◆ **ASSIGNED TASK**
Copy the data precisely, character for character, and leave out every picture.

[DATASET SECTION Boundary: Start]

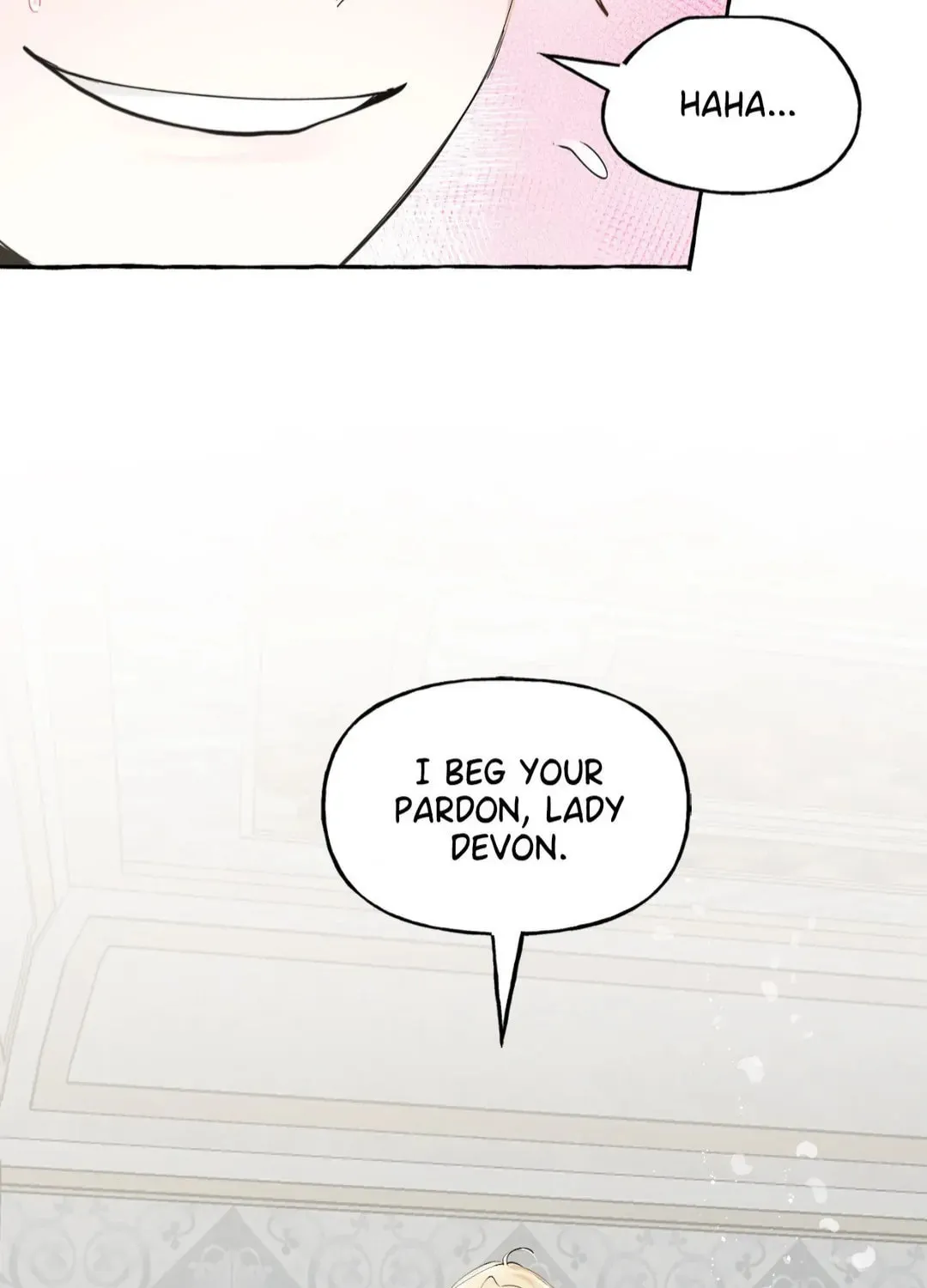 In the Doghouse Chapter 8 page 11 - 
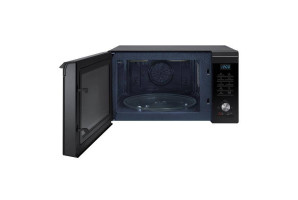 Micro-onde combiné 28L 900w noir Samsung MC28M6035CK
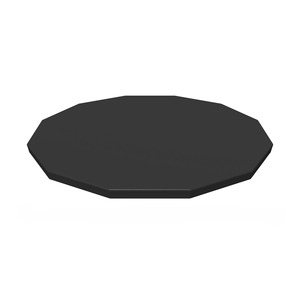 Cubierta para Piscina de Acero de 366 cm, STEEL PRO y POWER STEEL - Product Image 1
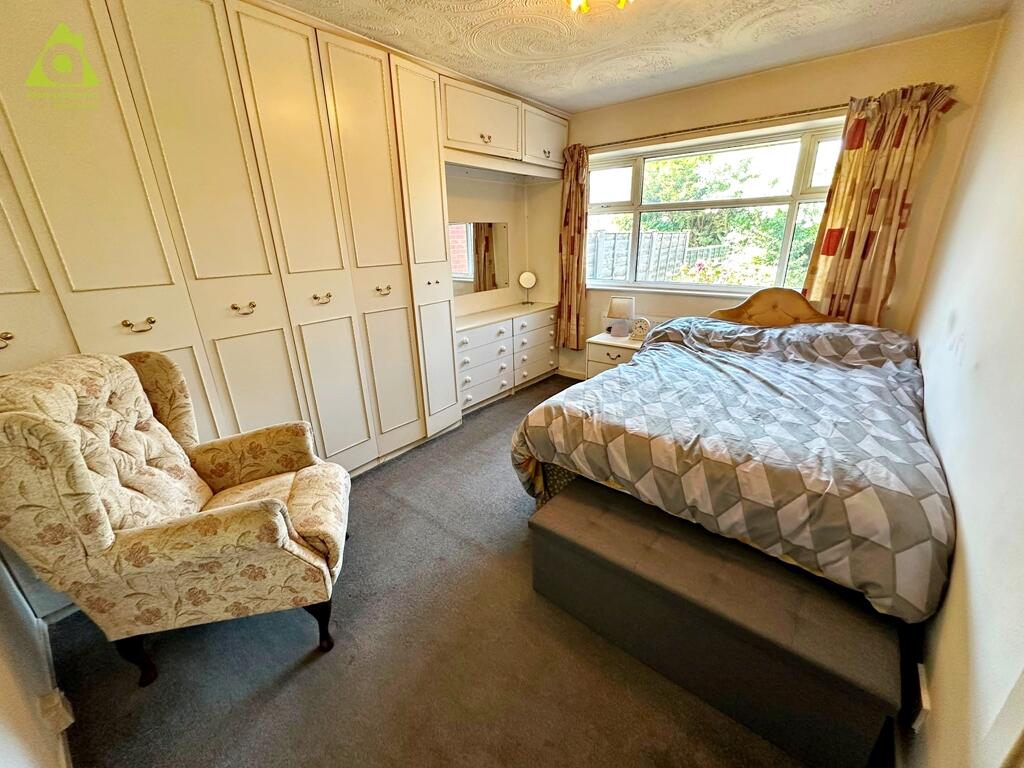 Rayden Crescent, Westhoughton, BL5 2HY - Widok 6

[DATASET SECTION Boundary: End]

◆ **SOLUTION TO THE EXERCISE**
 In the Doghouse Chapter 8 page 11 - 
 Micro-onde combiné 28L 900w noir Samsung MC28M6035CK
 Cubierta para Piscina de Acero de 366 cm, STEEL PRO y POWER STEEL - Product Image 1
 Rayden Crescent, Westhoughton, BL5 2HY - Widok 6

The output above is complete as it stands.